WORK INSTRUCTIONS: Exactly the lines below, starting with the one containing "Détail d'un sac" and going on through the one containing "Construction site on", must be reproduced, both ends included, and no pictures with them.

EXTRACTED INFORMATION:
════

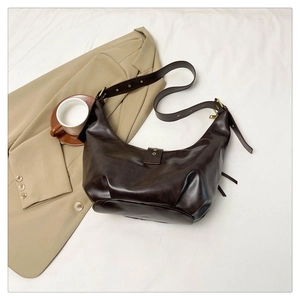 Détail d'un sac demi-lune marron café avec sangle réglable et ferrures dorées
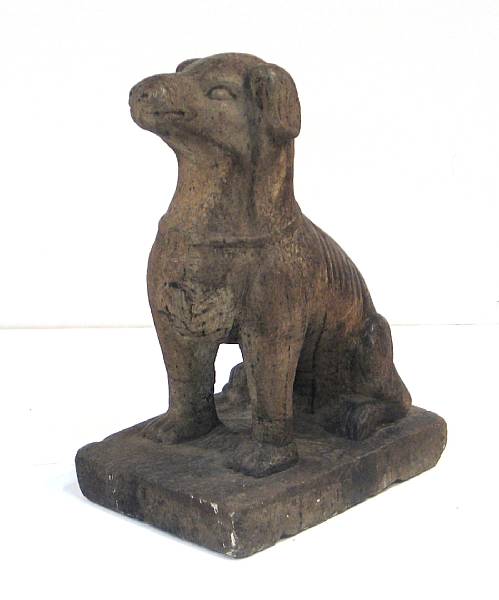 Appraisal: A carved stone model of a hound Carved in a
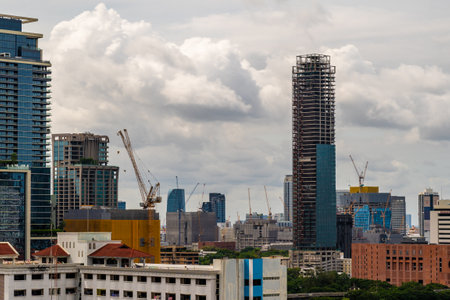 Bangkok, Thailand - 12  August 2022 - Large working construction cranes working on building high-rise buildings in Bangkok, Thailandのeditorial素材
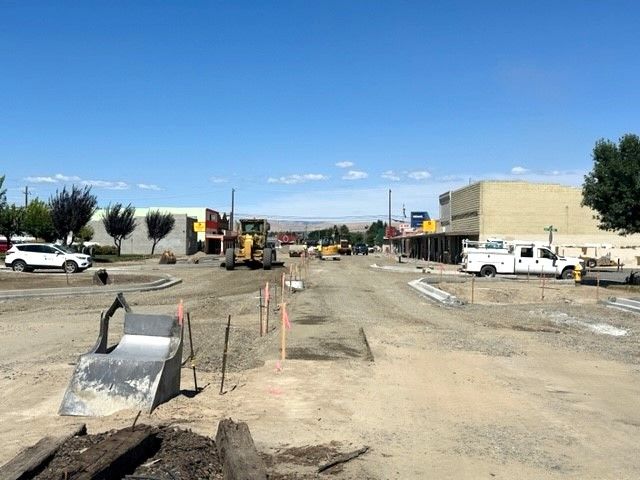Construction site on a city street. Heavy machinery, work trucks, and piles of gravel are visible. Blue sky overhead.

════

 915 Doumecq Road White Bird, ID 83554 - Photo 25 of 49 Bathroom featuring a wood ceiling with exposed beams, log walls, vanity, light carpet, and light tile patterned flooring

════

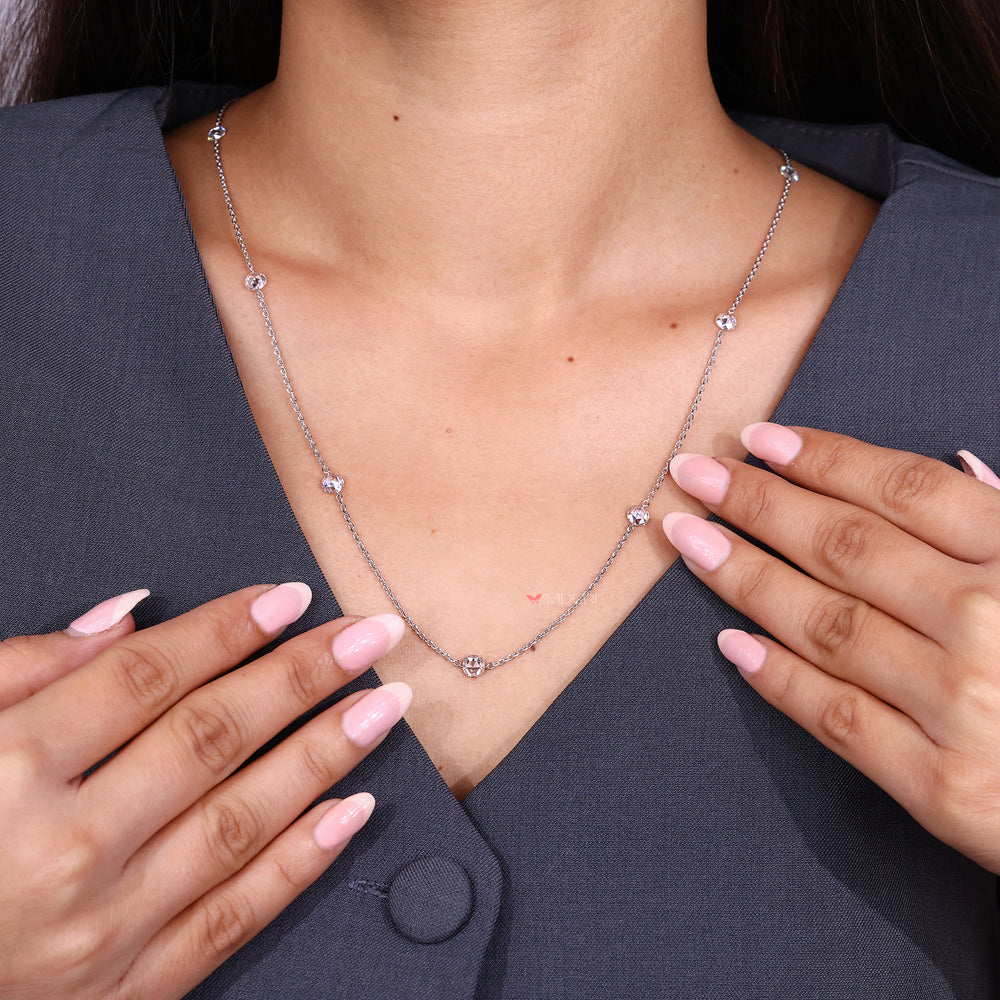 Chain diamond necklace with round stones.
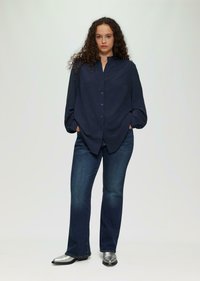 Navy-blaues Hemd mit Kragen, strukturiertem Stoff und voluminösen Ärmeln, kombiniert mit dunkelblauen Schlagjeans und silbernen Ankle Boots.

════

SOLUTION:
 Détail d'un sac demi-lune marron café avec sangle réglable et ferrures dorées
 Appraisal: A carved stone model of a hound Carved in a
 Bangkok, Thailand - 12  August 2022 - Large working construction cranes working on building high-rise buildings in Bangkok, Thailandのeditorial素材
Construction site on a city street. Heavy machinery, work trucks, and piles of gravel are visible. Blue sky overhead.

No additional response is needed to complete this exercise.